## [What the task asks]
Your task is to transcribe the entries below exactly, from their first line down to the line containing "1N6AD0EV6CC****** · 2012 NISSAN FRONTIER SV", and to stop there.

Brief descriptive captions
---*---
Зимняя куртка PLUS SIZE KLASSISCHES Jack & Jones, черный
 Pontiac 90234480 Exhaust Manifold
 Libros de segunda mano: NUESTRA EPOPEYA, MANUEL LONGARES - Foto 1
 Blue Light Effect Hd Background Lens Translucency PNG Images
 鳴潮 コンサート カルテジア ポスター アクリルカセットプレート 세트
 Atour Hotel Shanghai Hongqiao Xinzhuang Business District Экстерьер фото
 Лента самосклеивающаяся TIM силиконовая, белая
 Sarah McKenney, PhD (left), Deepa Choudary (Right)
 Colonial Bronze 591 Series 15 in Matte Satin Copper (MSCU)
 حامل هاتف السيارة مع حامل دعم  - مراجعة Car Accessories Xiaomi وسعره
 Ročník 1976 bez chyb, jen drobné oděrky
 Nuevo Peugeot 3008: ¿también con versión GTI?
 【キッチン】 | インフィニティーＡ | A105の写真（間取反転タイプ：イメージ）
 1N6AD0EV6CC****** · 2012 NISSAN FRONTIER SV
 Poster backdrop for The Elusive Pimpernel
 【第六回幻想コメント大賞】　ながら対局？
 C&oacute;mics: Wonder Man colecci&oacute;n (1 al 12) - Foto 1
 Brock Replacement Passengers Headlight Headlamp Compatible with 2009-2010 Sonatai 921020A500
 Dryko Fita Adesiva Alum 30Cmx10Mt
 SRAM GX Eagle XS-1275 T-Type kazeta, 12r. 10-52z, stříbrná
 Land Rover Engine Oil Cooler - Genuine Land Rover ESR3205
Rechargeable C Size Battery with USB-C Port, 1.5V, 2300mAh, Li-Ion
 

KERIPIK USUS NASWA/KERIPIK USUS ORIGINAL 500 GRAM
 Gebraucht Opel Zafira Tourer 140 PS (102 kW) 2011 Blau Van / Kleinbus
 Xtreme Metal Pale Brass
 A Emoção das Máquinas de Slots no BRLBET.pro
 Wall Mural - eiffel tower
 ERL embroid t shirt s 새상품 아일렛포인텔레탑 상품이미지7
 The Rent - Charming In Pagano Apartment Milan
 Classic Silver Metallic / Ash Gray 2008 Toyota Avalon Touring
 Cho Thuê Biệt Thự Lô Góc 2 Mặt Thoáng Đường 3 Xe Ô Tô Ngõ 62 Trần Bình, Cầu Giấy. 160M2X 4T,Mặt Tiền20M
---*---
## [Expected answer]
Зимняя куртка PLUS SIZE KLASSISCHES Jack & Jones, черный
 Pontiac 90234480 Exhaust Manifold
 Libros de segunda mano: NUESTRA EPOPEYA, MANUEL LONGARES - Foto 1
 Blue Light Effect Hd Background Lens Translucency PNG Images
 鳴潮 コンサート カルテジア ポスター アクリルカセットプレート 세트
 Atour Hotel Shanghai Hongqiao Xinzhuang Business District Экстерьер фото
 Лента самосклеивающаяся TIM силиконовая, белая
 Sarah McKenney, PhD (left), Deepa Choudary (Right)
 Colonial Bronze 591 Series 15 in Matte Satin Copper (MSCU)
 حامل هاتف السيارة مع حامل دعم  - مراجعة Car Accessories Xiaomi وسعره
 Ročník 1976 bez chyb, jen drobné oděrky
 Nuevo Peugeot 3008: ¿también con versión GTI?
 【キッチン】 | インフィニティーＡ | A105の写真（間取反転タイプ：イメージ）
 1N6AD0EV6CC****** · 2012 NISSAN FRONTIER SV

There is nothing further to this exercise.